Après À la croisée des chemins (2014), cette nouvelle exposition que nous consacrons au travail de Mark Steinmetz (New York, 1961) réunit une sélection d’images extraites de ses deux derniers ouvrages, Fifteen Miles To K-Ville (2016) et Past K-Ville (2018).
Il s’agirait donc pour le photographe d’explorer, ou à tout le moins de parcourir un territoire.
À ceci près que K-Ville n’existe pas… Pas la peine d’ouvrir un atlas ou de déplier une carte routière, vous n’y trouveriez pas trace de cet endroit fictif, tout droit sorti de l’imagination de Steinmetz, qui en a fait comme un résumé symbolique de n’importe quelle petite ville du Sud des États-Unis, de la même manière que William Faulkner avait en son temps inventé de toutes pièces le comté de Yoknapatawpha, dont il avait fait le théâtre de plusieurs de ses romans et nouvelles.
Mark Steinmetz fait assurément partie des artistes qui se sont nourris – et se nourrissent encore – de ce qui s’est fait avant eux et se fait toujours aujourd’hui.
Né aux Etats-Unis d’une mère française et d’un père hollandais, Steinmetz a naturellement embrassé le meilleur des deux cultures, l’américaine et l’européenne.
Sa photographie se retrouve dès lors dans une sorte d’entre-deux, fruit d’un mariage harmonieux entre le cérébral et le sentimental, entre l’appréhension intellectuelle et la vision romantique du monde.
Distillées au compte-gouttes, à tel point qu’elles n’apparaissent qu’en filigrane à l’œil averti, ses influences sont aussi nombreuses que diverses; on évoquera Stieglitz, Strand, Evans, Friedlander, Winogrand, Eggleston tout autant qu’Atget, Cartier-Bresson, Kertész, Sander ou encore Boubat. Et, bien sûr, les repères ne sont pas que photographiques. Cette œuvre est également littéraire et cinématographique (l’auteur considère d’ailleurs que la photographie et le cinéma sont des formes de littérature).

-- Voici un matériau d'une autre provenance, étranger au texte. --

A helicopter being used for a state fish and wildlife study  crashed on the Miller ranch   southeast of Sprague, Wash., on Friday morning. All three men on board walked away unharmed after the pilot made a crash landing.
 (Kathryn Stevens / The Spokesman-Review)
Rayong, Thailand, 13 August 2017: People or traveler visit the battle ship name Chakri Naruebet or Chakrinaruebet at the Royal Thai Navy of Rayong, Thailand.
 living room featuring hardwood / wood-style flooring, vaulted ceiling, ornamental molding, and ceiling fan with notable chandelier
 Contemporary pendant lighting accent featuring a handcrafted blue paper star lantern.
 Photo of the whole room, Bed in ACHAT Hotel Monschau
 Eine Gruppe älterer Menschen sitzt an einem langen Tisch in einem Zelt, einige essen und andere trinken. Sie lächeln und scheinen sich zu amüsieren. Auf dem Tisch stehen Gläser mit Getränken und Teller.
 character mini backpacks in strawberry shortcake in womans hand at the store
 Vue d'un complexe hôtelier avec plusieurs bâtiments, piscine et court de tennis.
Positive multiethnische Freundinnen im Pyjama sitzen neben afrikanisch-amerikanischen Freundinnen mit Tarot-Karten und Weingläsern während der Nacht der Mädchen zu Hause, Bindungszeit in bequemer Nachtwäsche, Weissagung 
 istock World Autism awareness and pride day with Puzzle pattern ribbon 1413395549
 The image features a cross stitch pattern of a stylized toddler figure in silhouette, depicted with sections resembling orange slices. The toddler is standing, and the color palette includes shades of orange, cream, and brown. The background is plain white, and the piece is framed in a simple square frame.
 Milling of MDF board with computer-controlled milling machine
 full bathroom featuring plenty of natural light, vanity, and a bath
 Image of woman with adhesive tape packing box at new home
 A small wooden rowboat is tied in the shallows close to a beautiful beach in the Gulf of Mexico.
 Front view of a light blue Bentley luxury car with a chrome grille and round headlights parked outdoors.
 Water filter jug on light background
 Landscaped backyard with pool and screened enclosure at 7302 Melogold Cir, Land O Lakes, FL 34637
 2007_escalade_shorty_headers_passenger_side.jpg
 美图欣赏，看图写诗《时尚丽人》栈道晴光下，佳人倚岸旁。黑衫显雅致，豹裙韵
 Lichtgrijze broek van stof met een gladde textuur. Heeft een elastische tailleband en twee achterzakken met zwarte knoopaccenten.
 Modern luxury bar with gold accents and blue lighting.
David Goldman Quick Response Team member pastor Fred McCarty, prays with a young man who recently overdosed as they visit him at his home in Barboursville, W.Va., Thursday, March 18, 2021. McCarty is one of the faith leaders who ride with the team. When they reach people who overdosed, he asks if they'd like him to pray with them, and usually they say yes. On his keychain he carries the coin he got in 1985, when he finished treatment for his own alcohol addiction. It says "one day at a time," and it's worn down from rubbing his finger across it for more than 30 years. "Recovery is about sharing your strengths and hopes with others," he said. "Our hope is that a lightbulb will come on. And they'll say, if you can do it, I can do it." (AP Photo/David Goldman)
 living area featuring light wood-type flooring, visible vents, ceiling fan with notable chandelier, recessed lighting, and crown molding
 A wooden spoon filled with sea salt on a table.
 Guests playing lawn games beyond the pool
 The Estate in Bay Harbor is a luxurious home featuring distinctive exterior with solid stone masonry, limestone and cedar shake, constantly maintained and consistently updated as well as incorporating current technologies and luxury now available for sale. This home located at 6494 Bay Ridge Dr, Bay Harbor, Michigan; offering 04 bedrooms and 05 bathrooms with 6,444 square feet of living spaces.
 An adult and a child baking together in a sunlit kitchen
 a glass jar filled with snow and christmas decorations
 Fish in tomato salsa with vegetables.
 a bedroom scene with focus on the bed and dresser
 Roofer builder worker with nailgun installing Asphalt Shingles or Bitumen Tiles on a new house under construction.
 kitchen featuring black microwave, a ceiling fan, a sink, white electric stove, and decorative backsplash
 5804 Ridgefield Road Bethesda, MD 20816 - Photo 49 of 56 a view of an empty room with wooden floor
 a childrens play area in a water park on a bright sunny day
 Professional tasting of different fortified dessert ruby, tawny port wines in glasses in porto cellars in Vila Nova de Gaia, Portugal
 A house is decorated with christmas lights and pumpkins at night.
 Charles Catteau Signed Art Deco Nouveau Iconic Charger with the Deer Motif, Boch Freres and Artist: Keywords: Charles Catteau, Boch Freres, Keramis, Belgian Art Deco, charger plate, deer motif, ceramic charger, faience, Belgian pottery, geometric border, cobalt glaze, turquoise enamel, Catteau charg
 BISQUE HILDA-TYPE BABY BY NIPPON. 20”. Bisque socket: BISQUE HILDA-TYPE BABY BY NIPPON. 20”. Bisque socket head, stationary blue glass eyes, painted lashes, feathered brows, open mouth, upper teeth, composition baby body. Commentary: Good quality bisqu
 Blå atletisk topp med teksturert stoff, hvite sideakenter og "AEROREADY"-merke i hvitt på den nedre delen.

À l’arrivée, le spectateur est confronté à une vision singulière, à des images qui n’appartiennent qu’à Mark Steinmetz, qui n’auraient pu être réalisées par nul autre que lui.
Il ne procède pas à proprement parler par séries, pas plus qu’il ne s’astreint à des thématiques précises.
L’appareil en bandoulière, il sort de chez lui sans chercher quoi que ce soit de particulier, ouvert à ce que le monde voudra bien lui offrir. Sans idée préconçue mais suffisamment réceptif, attentif, alerte. Il sait qu’il convient de mériter ce qui se présente, pour en tirer le meilleur profit. Et qu’il convient tout autant de posséder les outils – le talent – pour ordonnancer, donner du sens et de la cohérence à ces petits cadeaux de la vie.
C’est donc au gré des rencontres que se bâtit l’œuvre, vue après vue. Des rencontres avec des humains mais aussi avec des maisons, des rues, des routes, des paysages, tous appréhendés comme des sujets – au contraire d’objets –, comme des individus.
L’espace d’un instant, le photographe s’immisce dans leur existence, sans véritable intrusion cependant. Puis chacun poursuit sa route. Entre-temps, dans le meilleur des cas, le charme aura opéré, une image aura surgi, témoin de cette brève et fortuite rencontre.
Et ne nous y trompons pas: cette apparente simplicité requiert la plus grande des maîtrises.